* [Source information]:
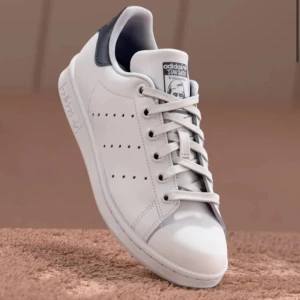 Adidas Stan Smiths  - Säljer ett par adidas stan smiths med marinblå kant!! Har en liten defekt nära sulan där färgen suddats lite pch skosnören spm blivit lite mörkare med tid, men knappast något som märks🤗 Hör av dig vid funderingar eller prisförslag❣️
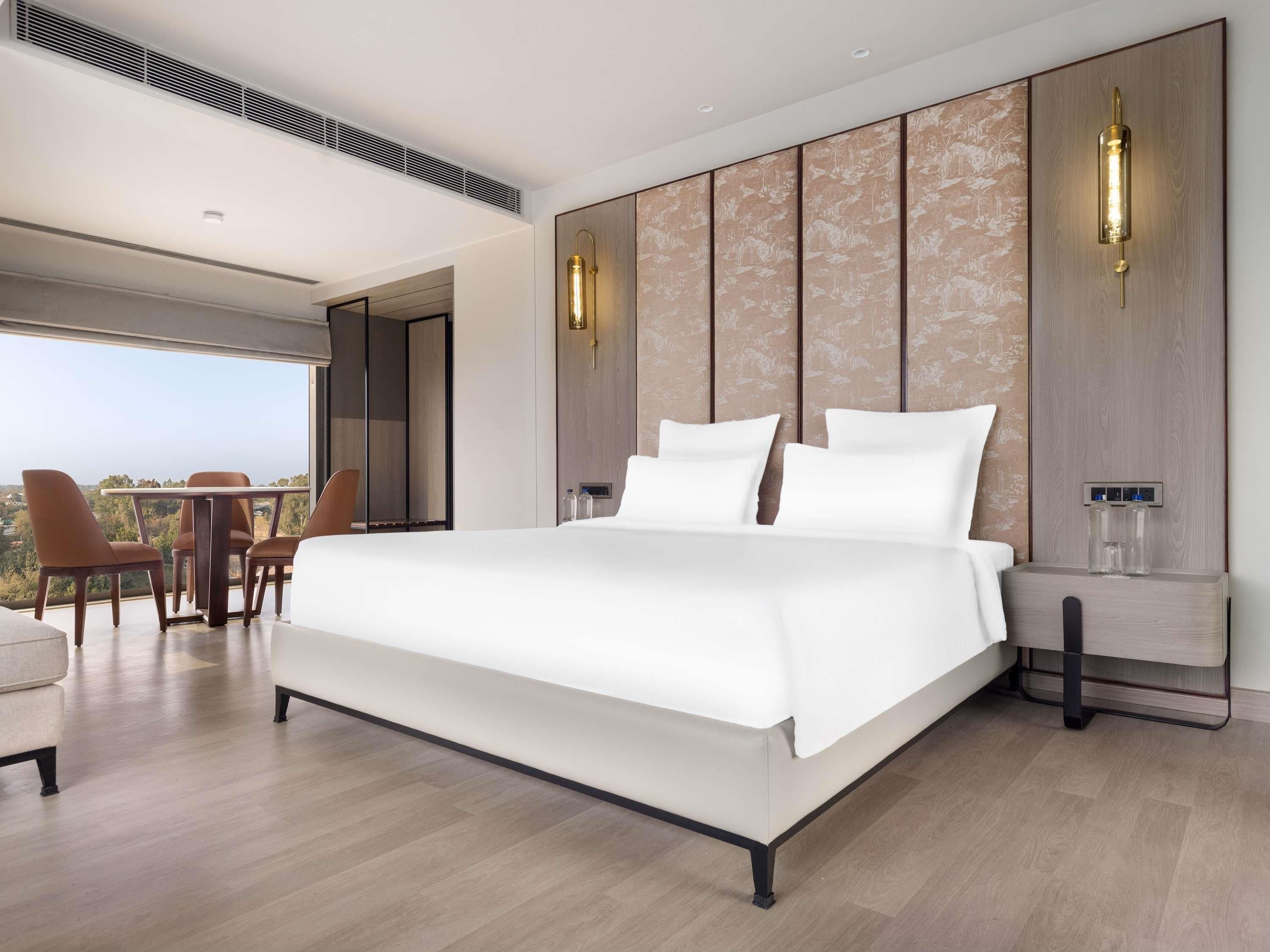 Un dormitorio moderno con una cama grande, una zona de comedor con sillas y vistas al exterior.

---

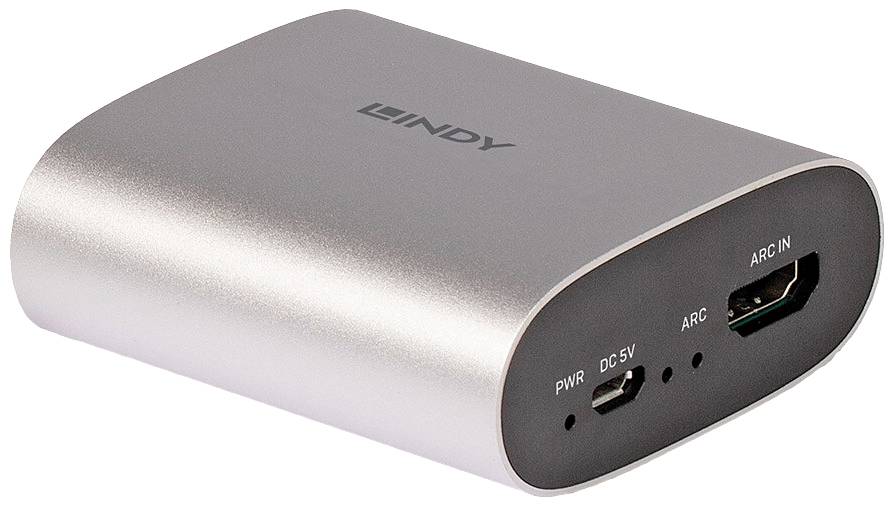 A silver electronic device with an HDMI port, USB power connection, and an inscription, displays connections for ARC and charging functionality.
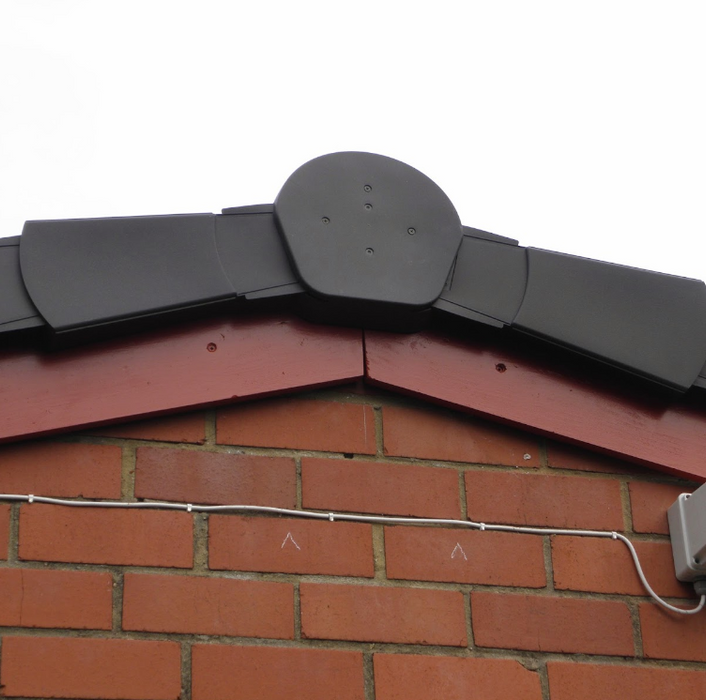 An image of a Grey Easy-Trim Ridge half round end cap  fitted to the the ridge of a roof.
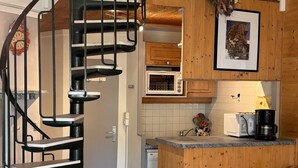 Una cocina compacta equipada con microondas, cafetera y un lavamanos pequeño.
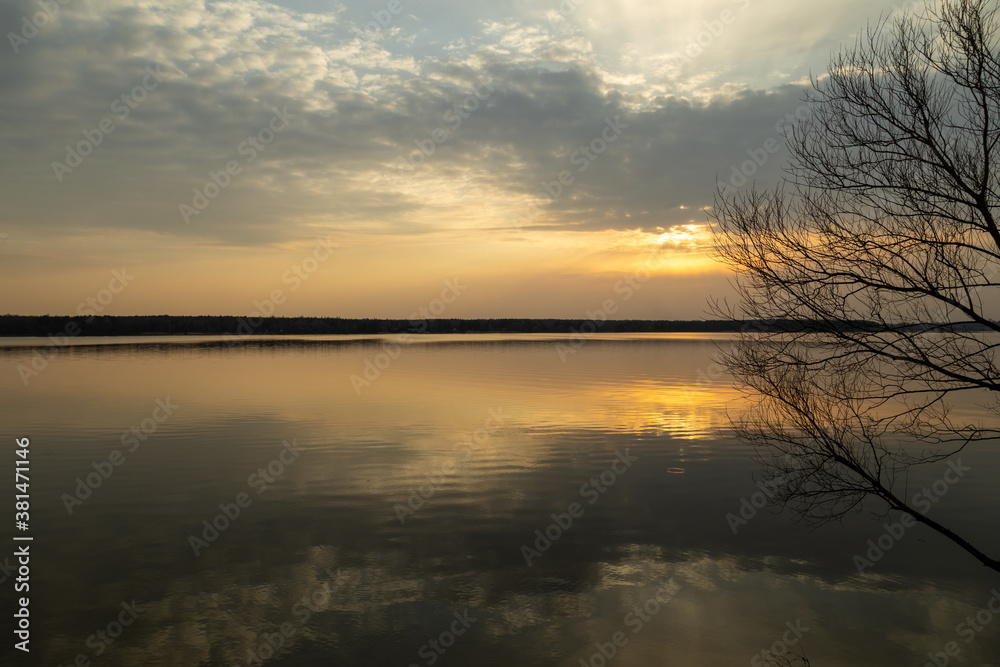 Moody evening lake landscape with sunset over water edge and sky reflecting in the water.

* * *

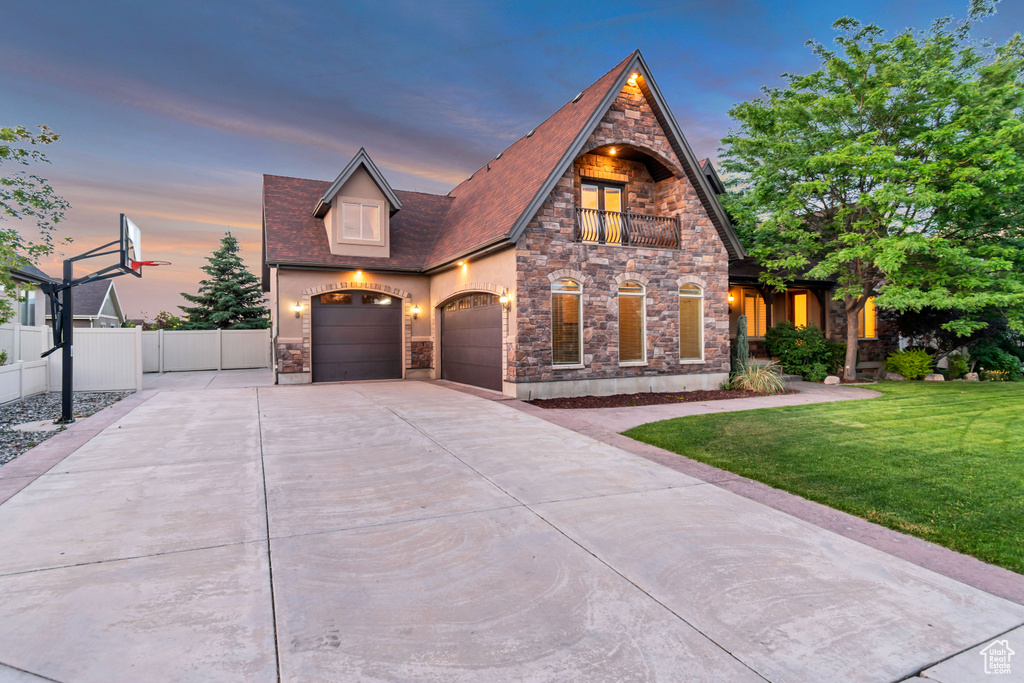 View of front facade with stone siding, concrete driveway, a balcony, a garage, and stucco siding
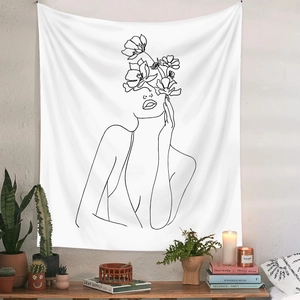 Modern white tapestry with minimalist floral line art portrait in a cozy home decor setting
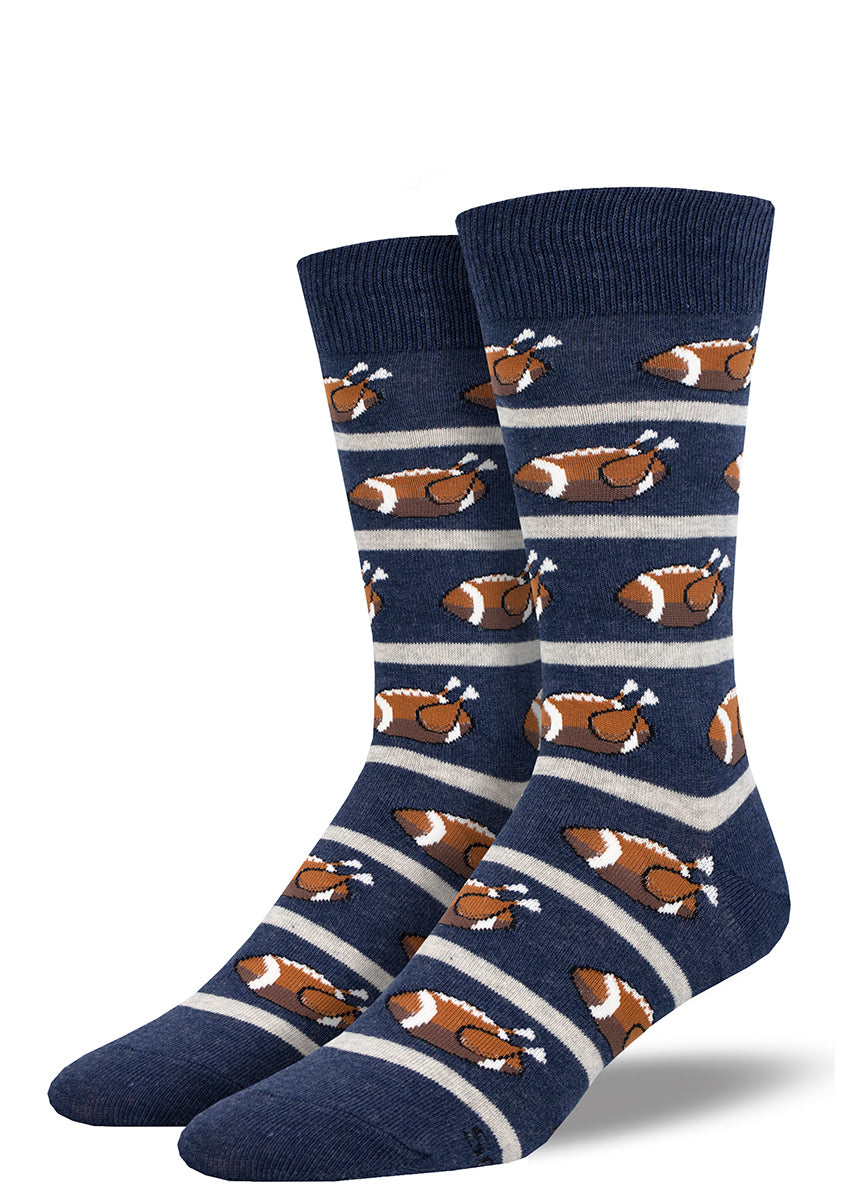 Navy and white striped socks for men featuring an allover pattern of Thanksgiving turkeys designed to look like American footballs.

* [Aim of the exercise]: In the records above, copy exactly everything from the line that has "funderingar eller prisförslag❣️" down to the line that has "Un dormitorio moderno", both ends included, and leave out the pictures.

* [Finished exercise]:
 Adidas Stan Smiths  - Säljer ett par adidas stan smiths med marinblå kant!! Har en liten defekt nära sulan där färgen suddats lite pch skosnören spm blivit lite mörkare med tid, men knappast något som märks🤗 Hör av dig vid funderingar eller prisförslag❣️
 Un dormitorio moderno con una cama grande, una zona de comedor con sillas y vistas al exterior.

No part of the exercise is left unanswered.